• _Activity_
Would you repeat the listing exactly but omit every picture?

• _Given information_
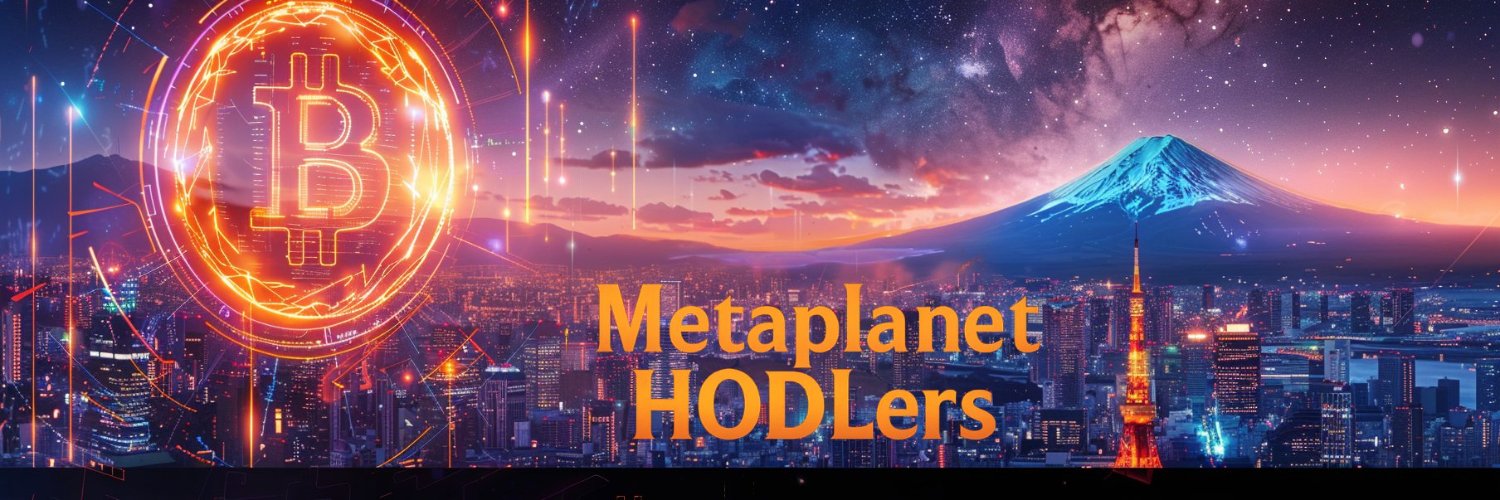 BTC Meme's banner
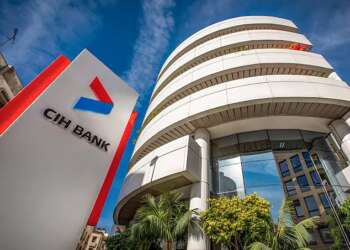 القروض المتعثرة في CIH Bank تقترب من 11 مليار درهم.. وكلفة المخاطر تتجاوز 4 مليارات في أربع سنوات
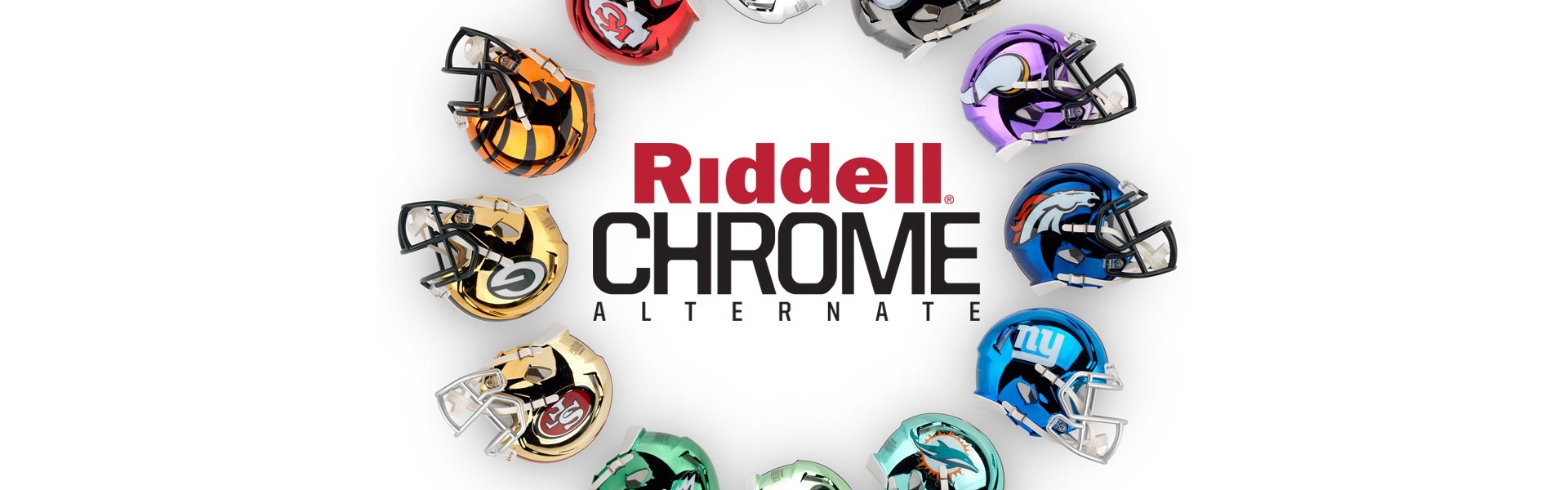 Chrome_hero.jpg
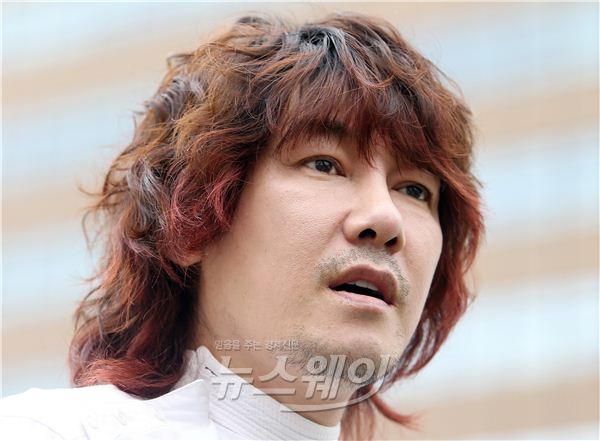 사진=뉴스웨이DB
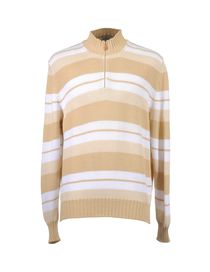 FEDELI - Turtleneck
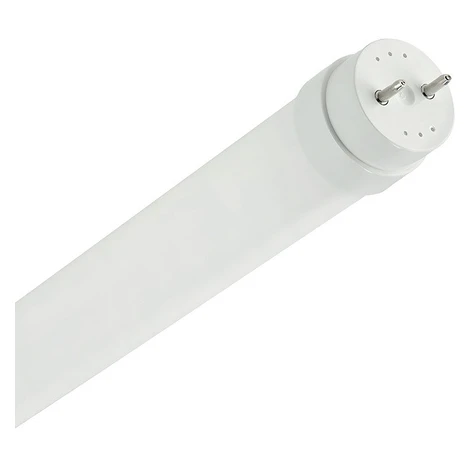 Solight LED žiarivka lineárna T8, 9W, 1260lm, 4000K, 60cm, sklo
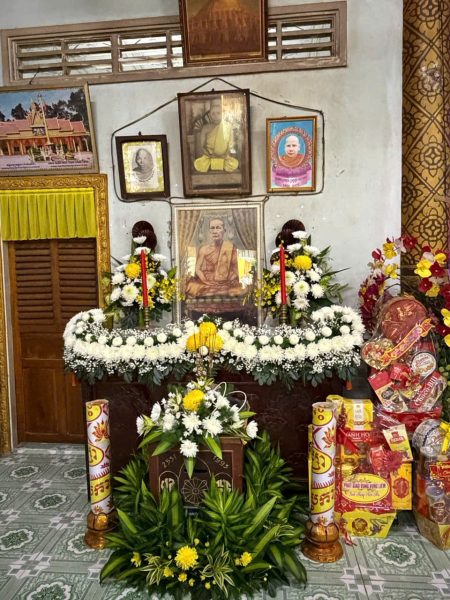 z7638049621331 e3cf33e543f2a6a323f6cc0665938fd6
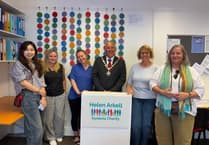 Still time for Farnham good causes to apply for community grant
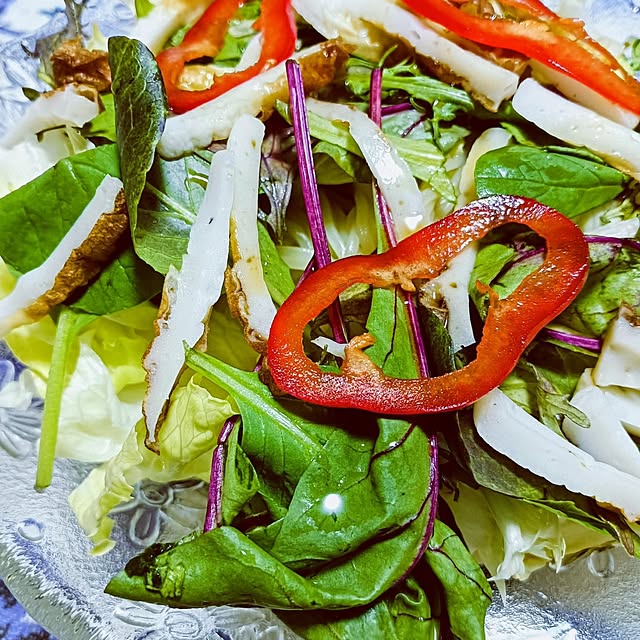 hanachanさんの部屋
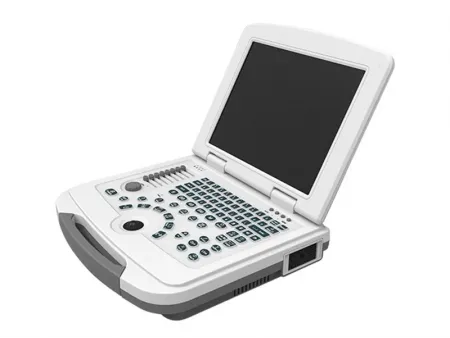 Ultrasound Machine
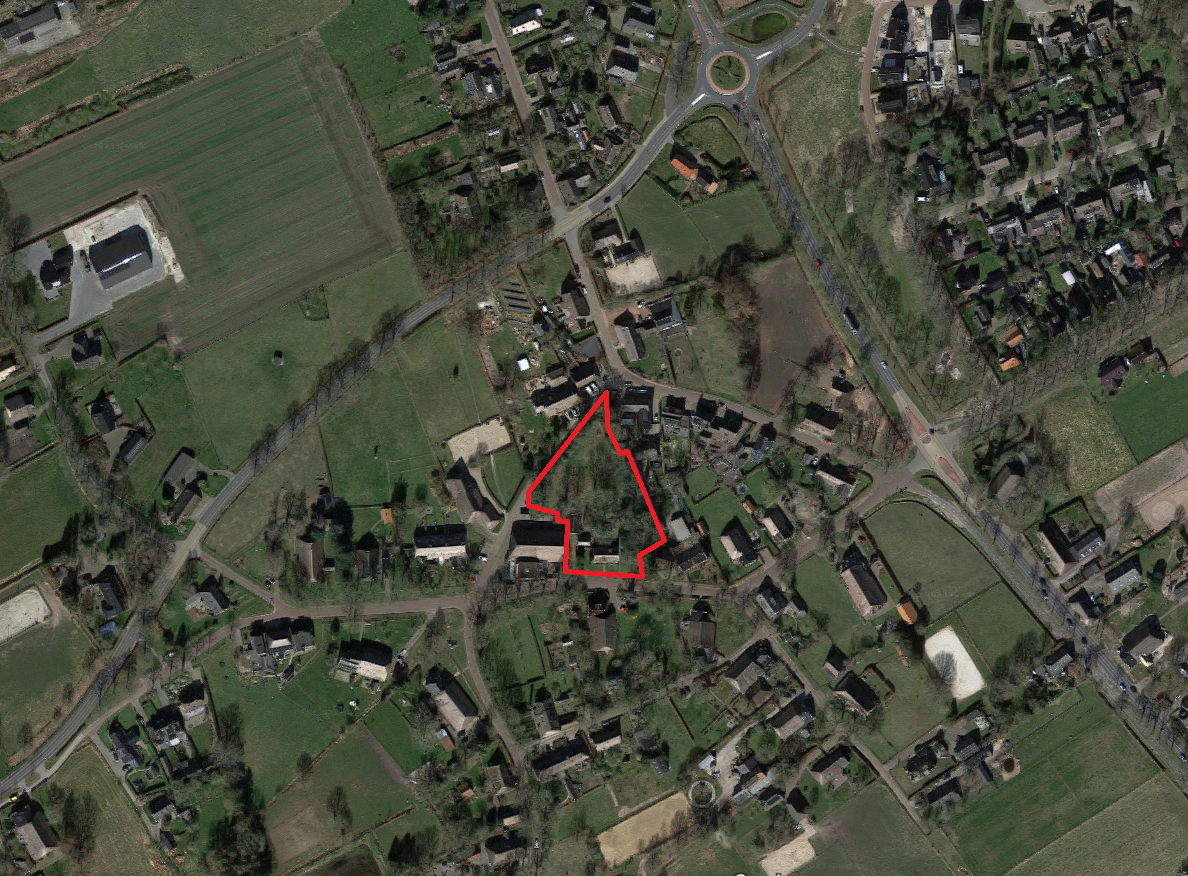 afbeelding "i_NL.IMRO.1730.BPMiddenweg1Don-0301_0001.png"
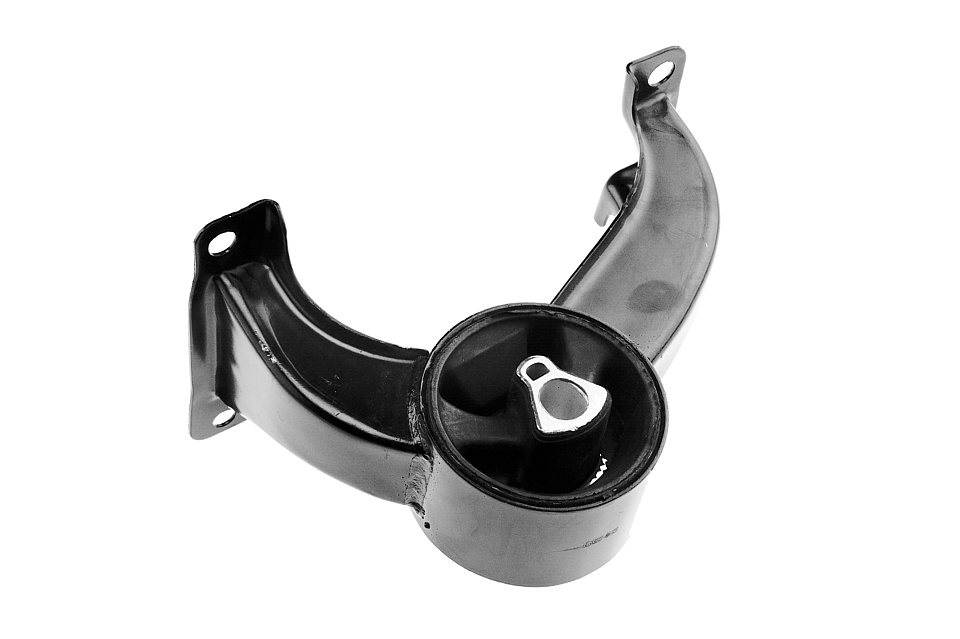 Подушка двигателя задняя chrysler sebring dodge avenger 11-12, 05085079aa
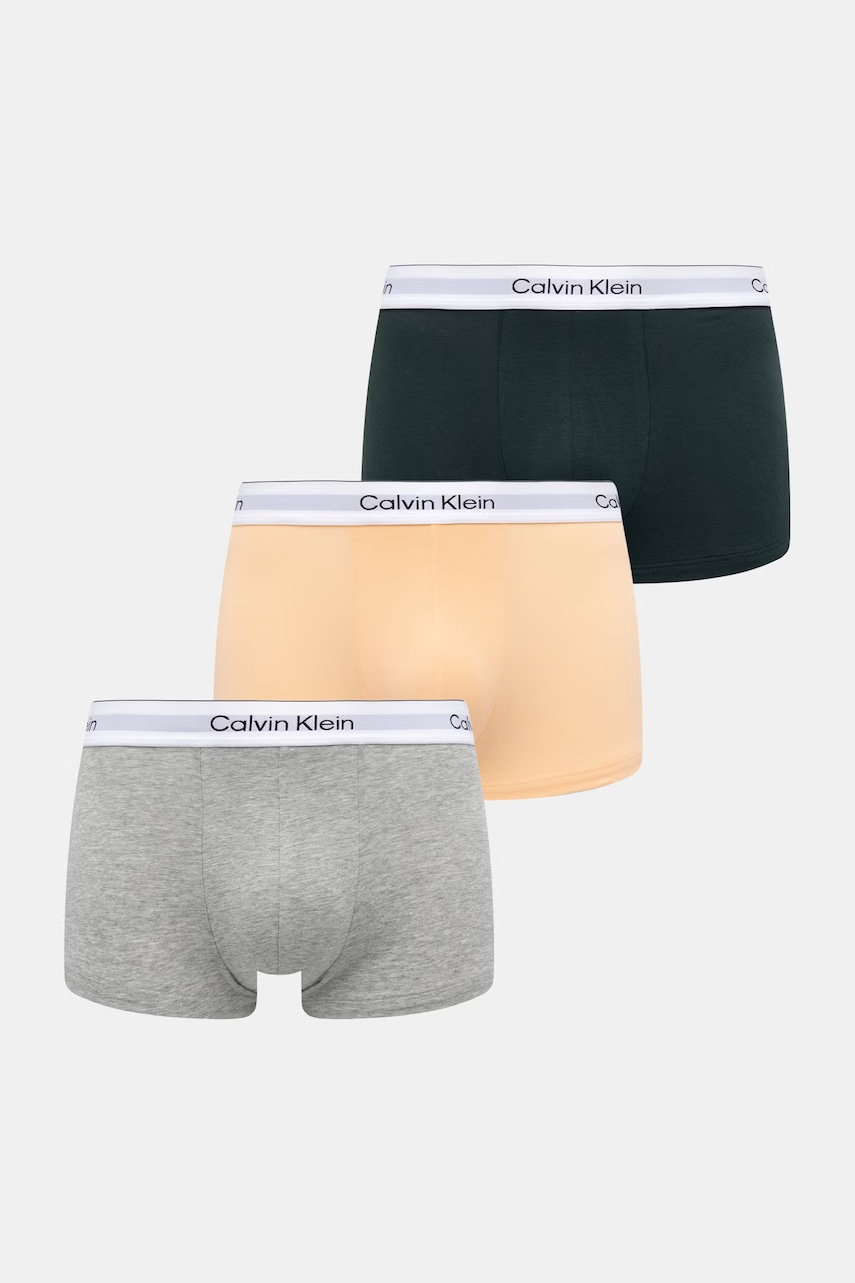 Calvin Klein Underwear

• _Answer below_
 BTC Meme's banner
 القروض المتعثرة في CIH Bank تقترب من 11 مليار درهم.. وكلفة المخاطر تتجاوز 4 مليارات في أربع سنوات
 Chrome_hero.jpg
 사진=뉴스웨이DB
 FEDELI - Turtleneck
 Solight LED žiarivka lineárna T8, 9W, 1260lm, 4000K, 60cm, sklo
 z7638049621331 e3cf33e543f2a6a323f6cc0665938fd6
 Still time for Farnham good causes to apply for community grant
 hanachanさんの部屋
 Ultrasound Machine
 afbeelding "i_NL.IMRO.1730.BPMiddenweg1Don-0301_0001.png"
 Подушка двигателя задняя chrysler sebring dodge avenger 11-12, 05085079aa
 Calvin Klein Underwear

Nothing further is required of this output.